- Use Cache-Control, ETag, and Last-Modified for GETs that are safe to cache at CDNs or browsers.
- Mark personalized responses private or no-store as appropriate.
- Invalidate or shorten TTL when correctness beats freshness (balances, entitlements).
- ETag lets clients send
If-None-Match to skip large bodies when nothing changed (304).
- Strong vs weak ETags matter for byte-identical semantics; document which you emit.
- Combine with Range requests only when you fully understand intermediaries.
Rate limiting strategies
- Token bucket for smooth bursts; sliding window for fairness; per-tenant quotas for SaaS.
- Return structured quota headers (
X-RateLimit-*, RateLimit-* drafts) when helpful.
- Coordinate limits with API gateway and service-level budgets.
Bulk operations vs single requests
- Bulk reduces round trips but increases payload size, timeouts, and partial failure complexity.
- Prefer bounded batch sizes and per-item error reporting in the response.

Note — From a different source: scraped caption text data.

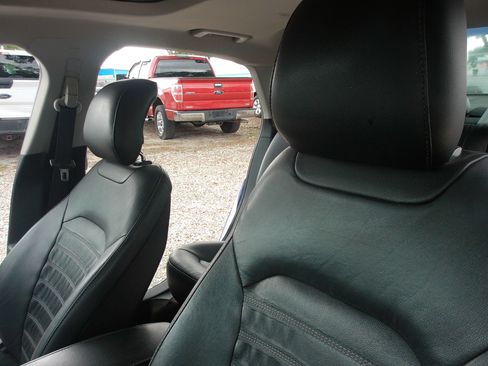Used 2013 Ford Fusion SE FWD image 14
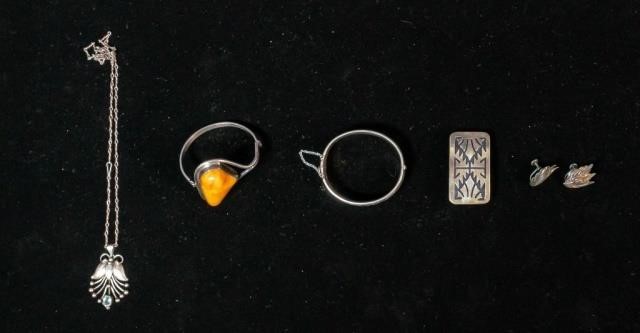 GROUPING OF SILVER JEWELRYLot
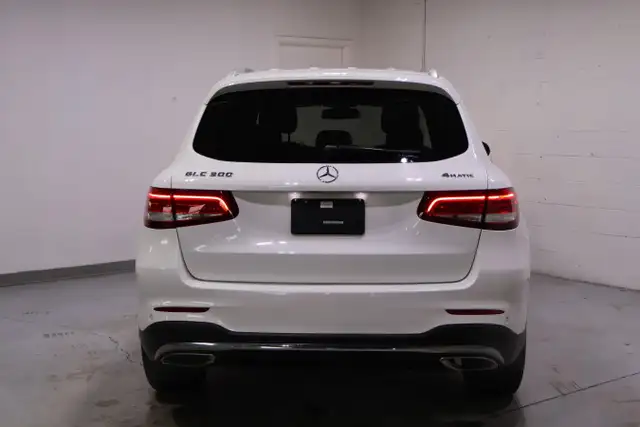 2017 Mercedes-Benz GLC 300 | PREMIUM PKG | SPORT PKG - Photo 5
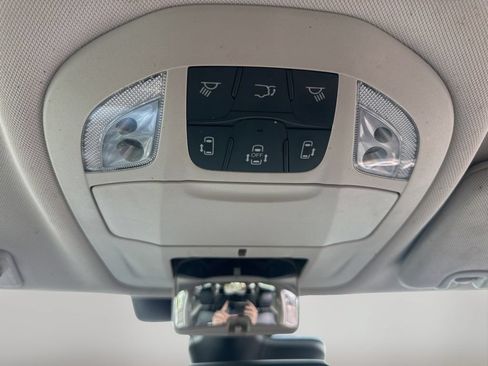 Used 2022 Chrysler Pacifica Touring-L FWD image 50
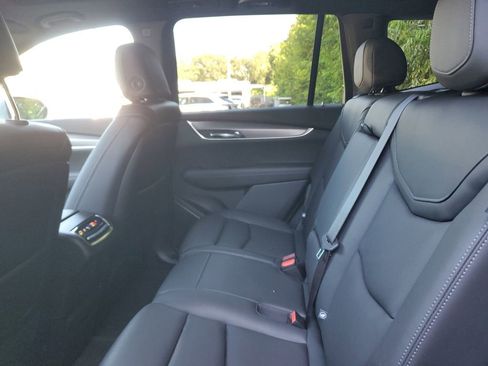 New 2025 Cadillac XT6 Luxury image 19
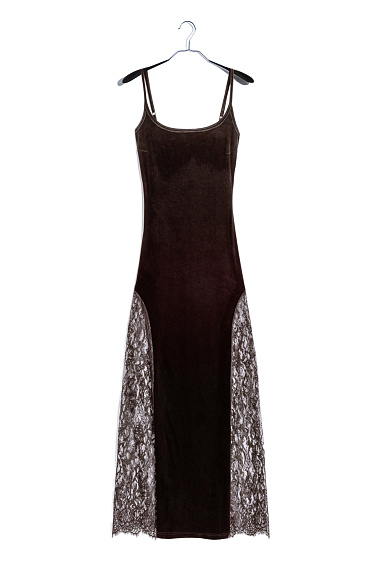 Бархатное платье макси с кружевом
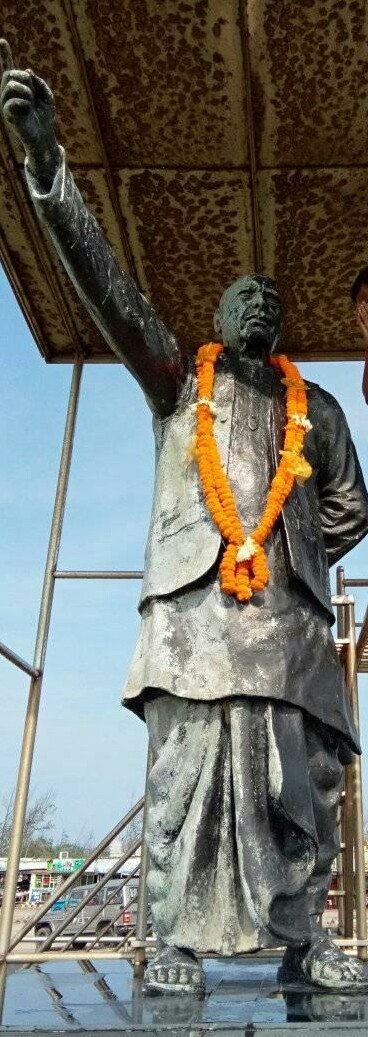 ritarani_seth's tweet photo. ବିଜେଡି ସାରା ରାଜ୍ଯରେ ପଦଯାତ୍ରା କରୁଥିବାବେଳେ କାକଟପୁର ନିର୍ବାଚନ ମଣ୍ଡଳୀ ଅନ୍ତର୍ଗତ କୋଣାର୍କ ନିକଟସ୍ଥ ଚନ୍ଦ୍ରଭାଗାରେ ଥିବା ପ୍ରବାଦ ପୁରୁଷ ବିଜୁ ପଟ୍ଟନାୟକଙ୍କ ପ୍ରତିମୂର୍ତୀ ଆଜି ଜରାଜୀର୍ଣ୍ଣ ଅବସ୍ଥାରେ। https://t.co/Bz6RjOCD7W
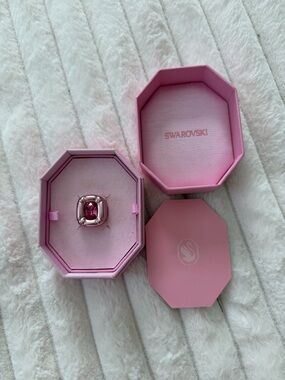 Swarovski Pink-Tone Ring with Deep Pink Cushion Crystal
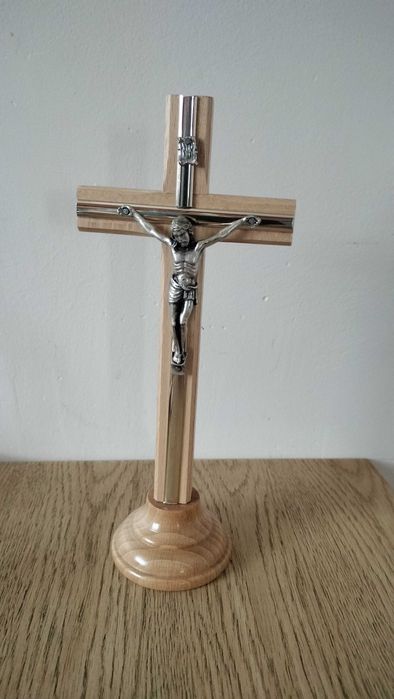 Krzyż stojący drewniany, 21,5 cm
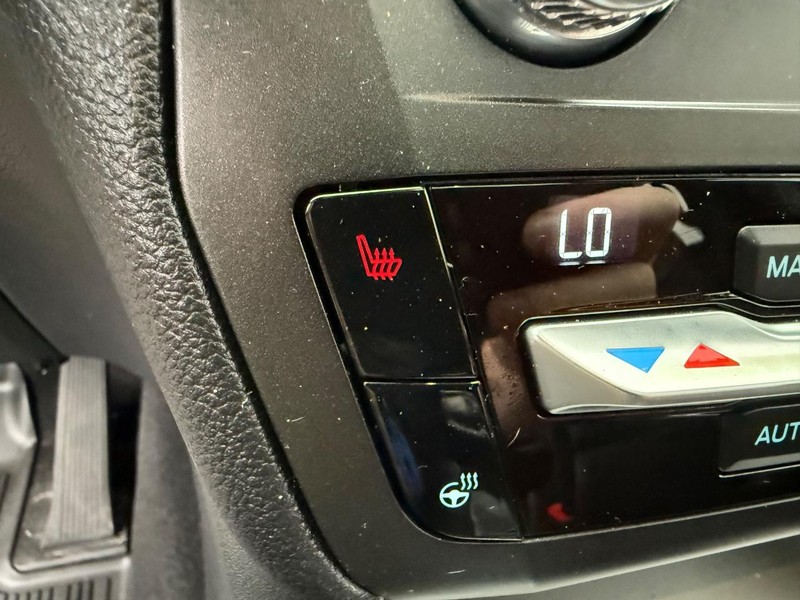 Ford Explorer Vehicle Full-screen Gallery Image 19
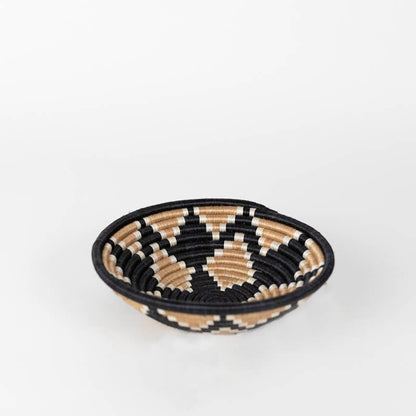 Akaneri Handwoven Bowls Various Colours (2 Sizes)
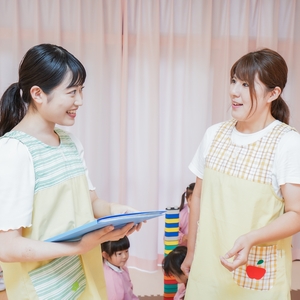 話し合う保育士
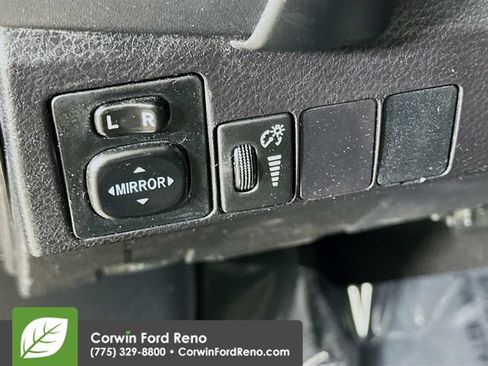Used 2018 Toyota Corolla LE FWD image 10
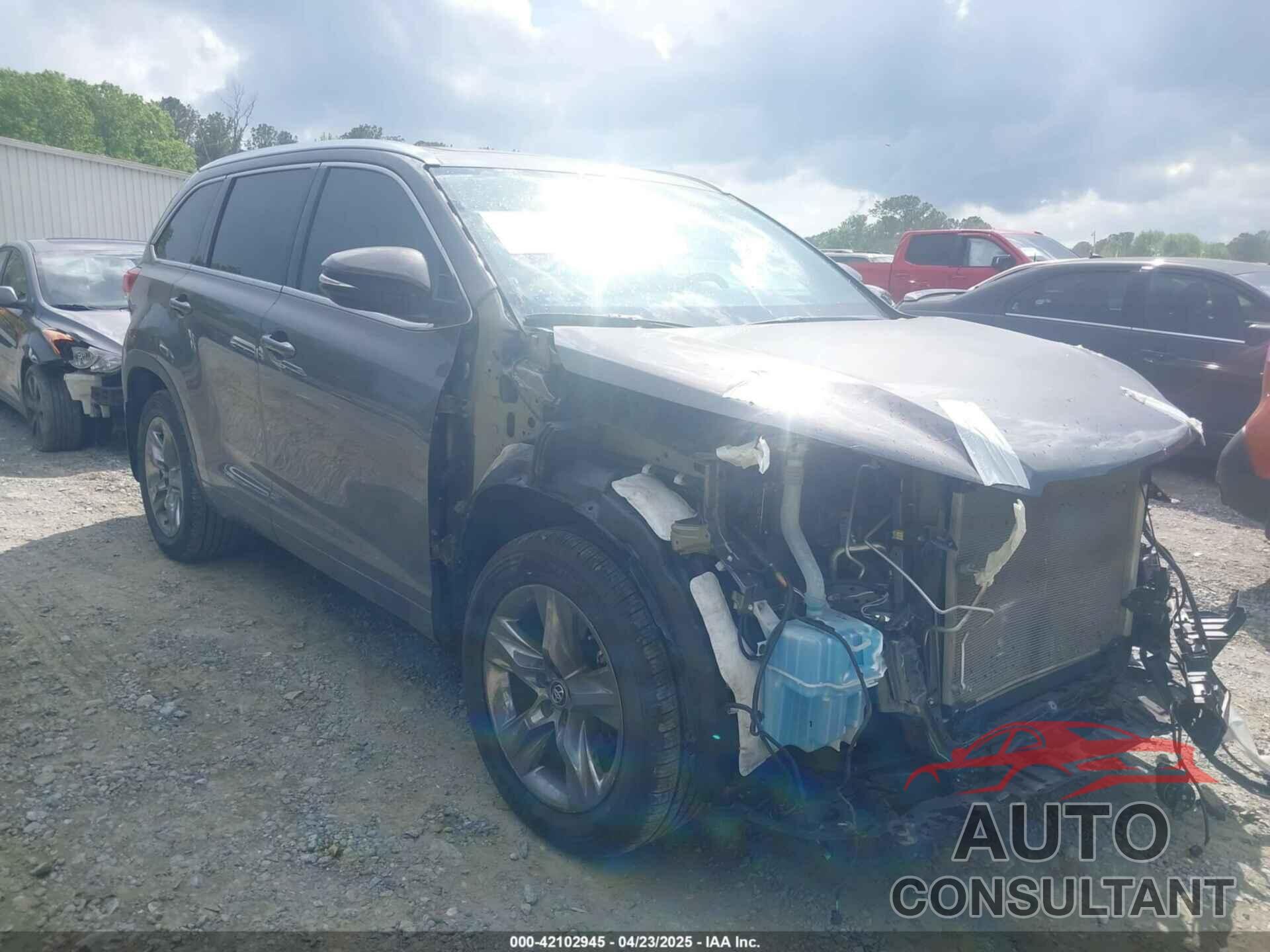 TOYOTA HIGHLANDER 2019 - 5TDDZRFH9KS711575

- For huge jobs, use 202 + async processing instead of multi-minute HTTP requests.
Payload optimization
- Enable gzip/Brotli at the edge; trim unused fields with sparse fieldsets or GraphQL-like projections if supported.
- Avoid N+1 chatty patterns; offer includes or dedicated aggregate reads when needed.
- Watch serialization cost on hot paths (large JSON maps, deeply nested objects).